WHAT IS NEEDED - Look through the entries below and copy exactly the part that begins with the line containing "Five on your" and ends with the line containing "Honda of Chantilly.". Do not copy the pictures.

THE DATA -
........
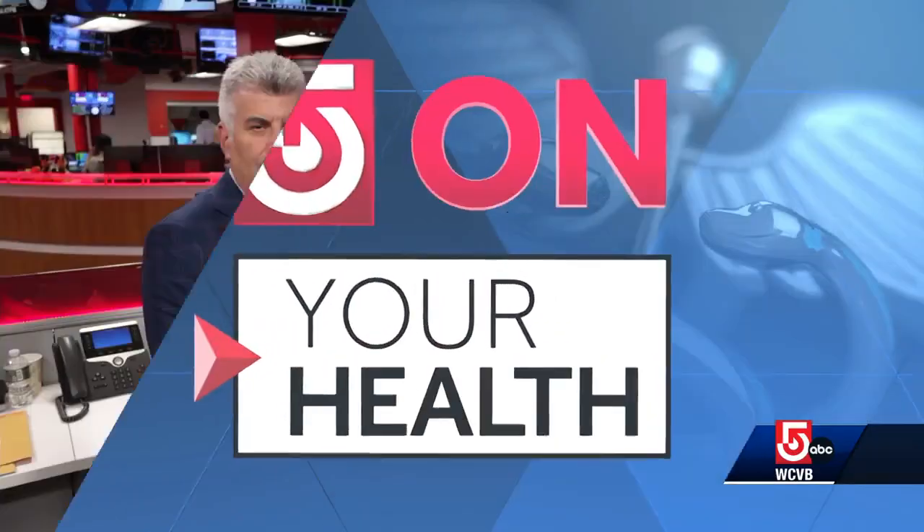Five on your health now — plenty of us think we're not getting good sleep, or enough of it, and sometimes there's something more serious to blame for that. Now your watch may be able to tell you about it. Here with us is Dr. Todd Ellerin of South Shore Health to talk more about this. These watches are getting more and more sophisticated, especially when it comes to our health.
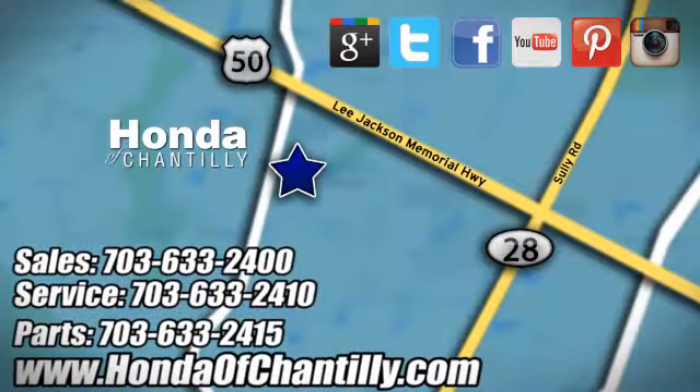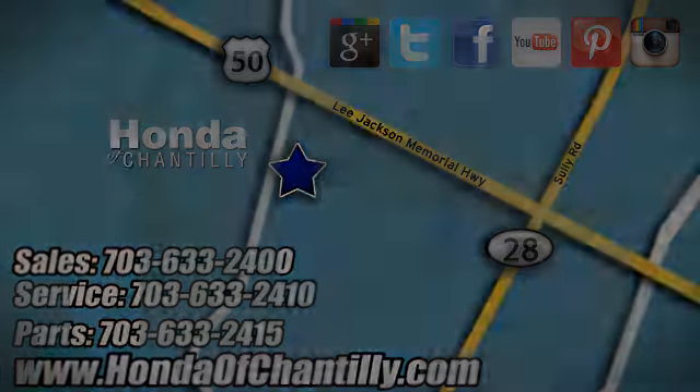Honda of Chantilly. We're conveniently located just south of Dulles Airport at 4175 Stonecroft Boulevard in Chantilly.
........
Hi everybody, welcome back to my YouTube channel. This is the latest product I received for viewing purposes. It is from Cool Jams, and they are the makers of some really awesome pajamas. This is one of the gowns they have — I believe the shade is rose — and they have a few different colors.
........
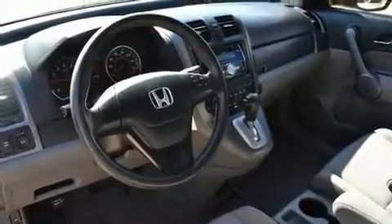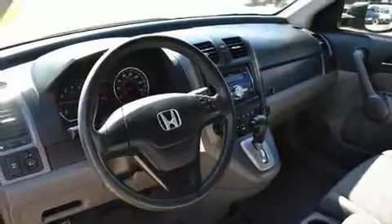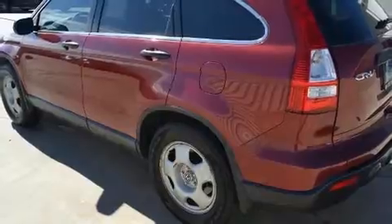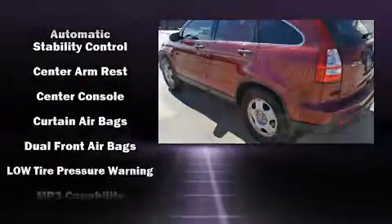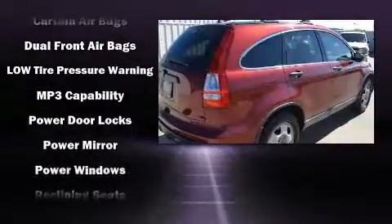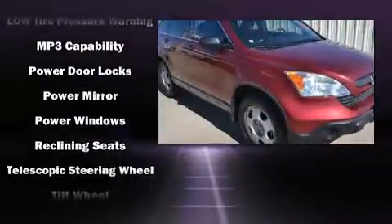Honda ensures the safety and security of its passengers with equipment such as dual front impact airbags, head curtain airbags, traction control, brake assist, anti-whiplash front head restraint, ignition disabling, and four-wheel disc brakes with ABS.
........
EXERCISE RESPONSE -
Five on your health now — plenty of us think we're not getting good sleep, or enough of it, and sometimes there's something more serious to blame for that. Now your watch may be able to tell you about it. Here with us is Dr. Todd Ellerin of South Shore Health to talk more about this. These watches are getting more and more sophisticated, especially when it comes to our health.
Honda of Chantilly. We're conveniently located just south of Dulles Airport at 4175 Stonecroft Boulevard in Chantilly.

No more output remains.